Pierre Brousset has made no secret of his delight and pride at having been selected by Joel Jutge, Head of Match Officials at World Rugby, to join the panel of referees for the forthcoming Six Nations Championship. 

He will be in charge of one match – the Ireland v Italy game on 11 February, as part of an all-French officiating team that includes Mathieu Raynal and Luc Ramos. It is a thrill and the source of much pride for the man who watched the tournament with his family in front of the fireplace when he was a kid. 

"When I was young, I never thought that one day I'd be on the whistle, and as I've said in the past, I didn't even think about refereeing when I was watching the games," he laughs.

"It really came later, during my youth years, when I refereed matches, but really out of curiosity. Then, when I was about 17 and a half, I thought why not give it a go? But really by chance. And in fact, within a year, it became a passion. I went deeper into the work and made the decision to stop playing and try to reach the top level. And, amazingly, that's what I do for a living now.”

"Rugby World Cup was fantastic"

Familiar with all the club competitions in France and Europe, a bit of rugby sevens and under 20s, Pierre has so far refereed just eight tests since his debut: Malta v Israel in 2017. The encounter at the Aviva Stadium in Dublin on 11 February will be his very first time as referee of two established nations.

Over the years, Pierre has officiated mainly from the touchline, supporting and observing his colleagues with professionalism and enthusiasm. During Rugby World Cup 2023 in France, for example, he was involved in seven matches.

"As far as I'm concerned, it was fantastic," he remembers, cheerfully. "Experiencing my first World Cup in France in magnificent stadiums, in an incredible atmosphere, whatever the match... I went from an extraordinary England v Chile match to an incredible Fiji v Portugal match, while also officiating on an England v Fiji match in quarter-finals...

"There were matches on paper that looked less spectacular or with less standing, but in fact all the teams produced some enjoyable rugby. And the atmosphere around all the matches made it an incredible event. For me, it was a great pleasure to be able to share it with friends and family at certain times."

With such a CV that includes the world's greatest competitions, is it fair to say that he has already done almost everything? "I'm starting to have done quite a few things, but not everything," he corrects.

"It's an extra step this year in the centre of the field, it's a new step. It's something I've never done before, so I'm learning with a lot of enthusiasm, and I hope there'll be more to come so I can say I've done everything."

Ultimate goal: Australia 2027?

On his personal agenda, of course, is another longer-term goal: Rugby World Cup 2027 in Australia, when he will be 38. Would refereeing the world's biggest rugby event be the ultimate goal, the apotheosis of his career?

"I don't know because four years is both short and long," he replies after pausing for a moment. "Of course, we're starting a new cycle.
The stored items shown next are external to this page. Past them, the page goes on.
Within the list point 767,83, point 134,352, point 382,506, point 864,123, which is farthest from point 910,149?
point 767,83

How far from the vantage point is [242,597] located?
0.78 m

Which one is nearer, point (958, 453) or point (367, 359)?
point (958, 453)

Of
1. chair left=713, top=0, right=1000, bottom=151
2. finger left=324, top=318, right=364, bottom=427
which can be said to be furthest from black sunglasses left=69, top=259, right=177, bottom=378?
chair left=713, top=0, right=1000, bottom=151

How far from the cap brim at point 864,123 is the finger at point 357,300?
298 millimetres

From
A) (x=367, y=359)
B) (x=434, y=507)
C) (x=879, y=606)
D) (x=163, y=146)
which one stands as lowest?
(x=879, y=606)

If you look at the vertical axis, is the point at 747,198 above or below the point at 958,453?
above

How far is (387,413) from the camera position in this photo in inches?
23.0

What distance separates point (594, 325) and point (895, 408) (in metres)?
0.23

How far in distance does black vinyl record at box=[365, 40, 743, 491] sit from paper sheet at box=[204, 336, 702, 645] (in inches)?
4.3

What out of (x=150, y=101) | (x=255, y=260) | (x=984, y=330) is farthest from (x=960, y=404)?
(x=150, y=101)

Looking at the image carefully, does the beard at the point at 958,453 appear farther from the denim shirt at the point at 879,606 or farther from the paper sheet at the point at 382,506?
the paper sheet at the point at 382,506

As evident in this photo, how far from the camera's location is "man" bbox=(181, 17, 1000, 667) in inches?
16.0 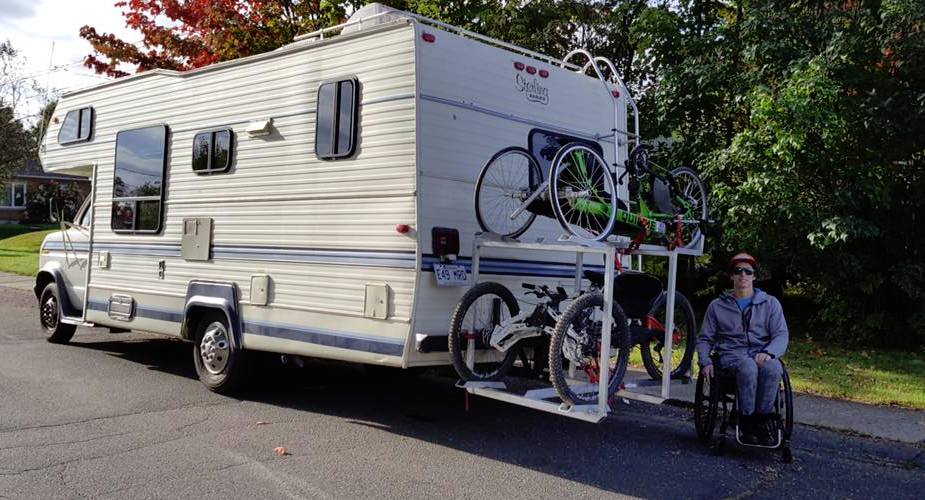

Of course, the objective after that World Cup was clear: now I wanted to be a central referee, to take things to the next level; a level that is achieved through continuity, quite simply.

"I'm going to get this opportunity, and it's up to me to respond. I'm just going to take one match at a time, season after season, and evolve with those matches. Because if I start thinking about four years from now, I could miss out on a lot. And the goal is to be eligible for selection or to aspire to it."

Listening to him, you'd think you were listening to a rugby player preparing for his next match with one eye on the previous one, but without skipping stages for fear of stumbling. Like a player, the referee is constantly striving for excellence.

"The competition comes thick and fast, every Saturday. You can make mistakes from one match to the next," he admits. "I started again after the World Cup, after four-and-a-half months without taking the whistle. The first match went rather well, the second not so well; in terms of management, I wasn't satisfied.

"And in fact, you say to yourself that you have to get back into it, you have to switch back, you have to work again, you have to get back into the swing of things. And that's why if I'd been thinking about the European Cup straight away, for example, I'd have been on the wrong track and missed the next step.

"By concentrating from one match to the next, you have to use the mistakes you made the weekend before to try and erase them. And that's how you make progress, little by little, and that helps you build experience, precision and consistency."

"Setting an example"

What stands out when Pierre Brousset talks about his job – he has been working full-time since 2018 for both the French Rugby Federation (FFR) and the National Rugby League (LNR) – is the passion for refereeing that emanates from his words.

More than ever, referees are being scrutinised, studied, and even abused, which raises questions about the future. For Pierre, this is a great opportunity to bring the rugby community together to keep this passion intact.

"I think that everyone involved in rugby needs to preserve this role and commit to maintaining the respect we have for rugby. I think that we, as referees, have a role to play in that our communication is important, as is whether we accept criticism. And the players and coaches also have a role to play in maintaining respect for the referee and not criticising decisions, quite simply to set a good example," he says.